Admirer les majestueuses aurores boréales est un moment magique assez courant à Tromsø, en Norvège, grâce à sa position géographique idéale, juste sous l’ovale auroral.

Cependant, apercevoir les aurores est souvent plus difficile qu’on ne le pense : de nombreuses conditions doivent être réunies pour entrevoir ces danses célestes, et bien souvent seule l’expérience d’un véritable chasseur d’aurores permet de vivre cette magie.

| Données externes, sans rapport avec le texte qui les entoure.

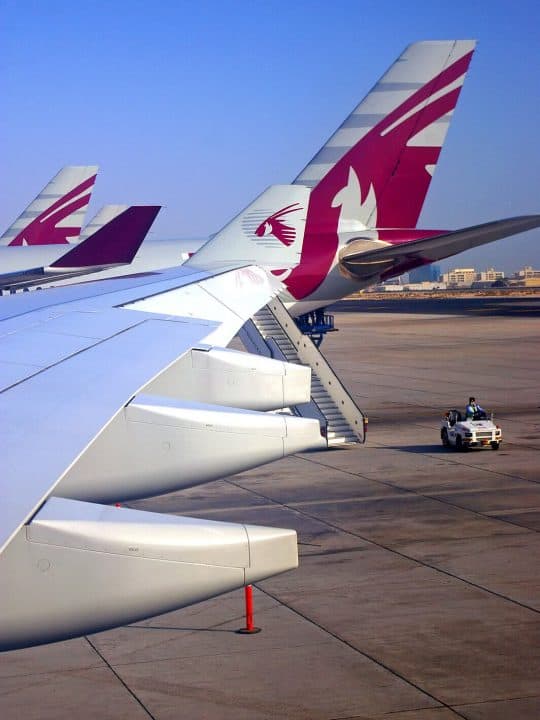 Does Qatar Airways serve alcohol?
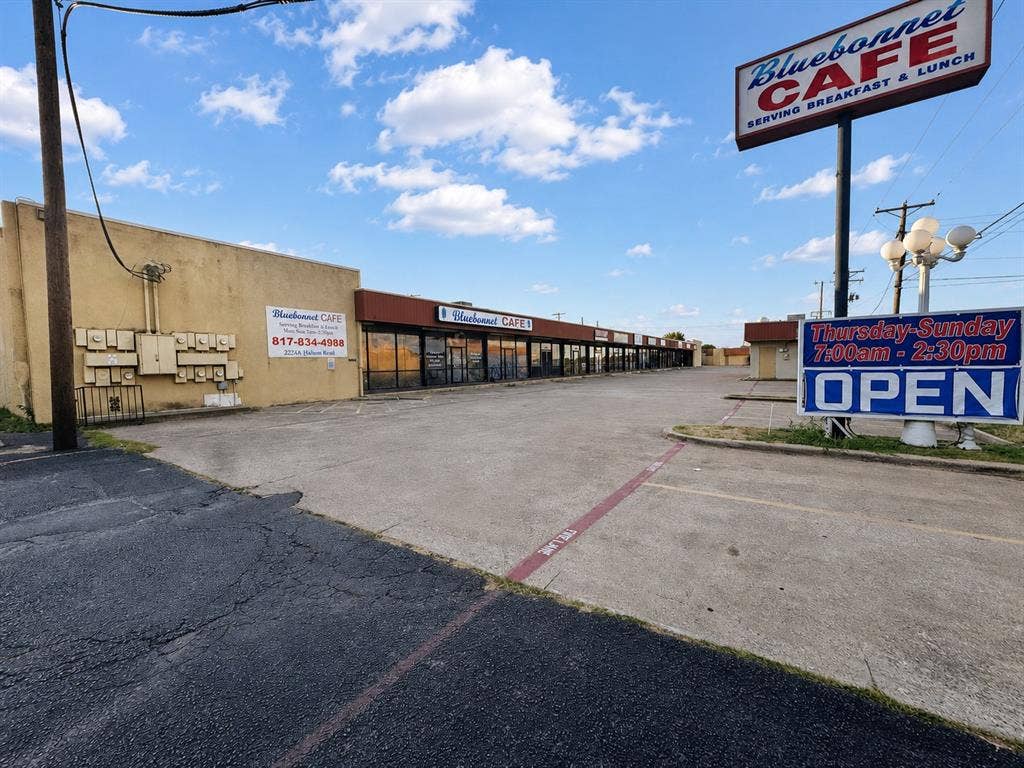 2225 Haltom Rd, Haltom City, TX 76117 2225 Haltom Rd, Haltom City, TX 76117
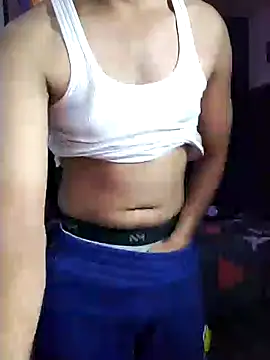 Snapshot of fit_boyxx chatting on October 21, 2025, 8:41 pm fit boyxx online show from October 21, 2025, 8:41 pm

Comment fonctionne la chasse à l’Aurore

Brisons un mythe dès le départ : on ne poursuit pas l’aurore, on la chasse. Ce que nous traquons, ce sont les bonnes conditions, pas l’aurore elle-même.

Comme les prédateurs dans la nature.

Les chasseurs d’aurores se positionnent là où ils ont le plus de chances de croiser leur proie, et attendent patiemment que l’aurore vienne à eux.

Avez-vous déjà vu un lion courir au hasard dans la savane en espérant tomber sur une proie ? Bien sûr que non. Lui aussi attend le bon moment pour frapper.

Mais alors, quelles sont ces conditions idéales ?

Explorons-les.

Les bonnes conditions

Trois facteurs clés doivent être réunis pour observer les aurores boréales dans les meilleures conditions :

  • Un ciel dégagé
  • Une pollution lumineuse minimale
  • Un lieu sûr et adapté

Le ciel dégagé

Les aurores boréales apparaissent très haut dans le ciel, au-dessus des nuages, ce qui signifie qu’elles sont invisibles lorsque le ciel est couvert, même si elles sont bien présentes.

Tromsø connaît souvent de longues périodes de nuages pendant l’hiver, mais les environs offrent une grande diversité de microclimats. Ça permet, presque chaque soir, de trouver un ciel dégagé. Les Alpes de Lyngen, par exemple, protègent de l’humidité venant de la mer, tandis que lorsque les nuages viennent de l’intérieur des terres, la côte est souvent dégagée.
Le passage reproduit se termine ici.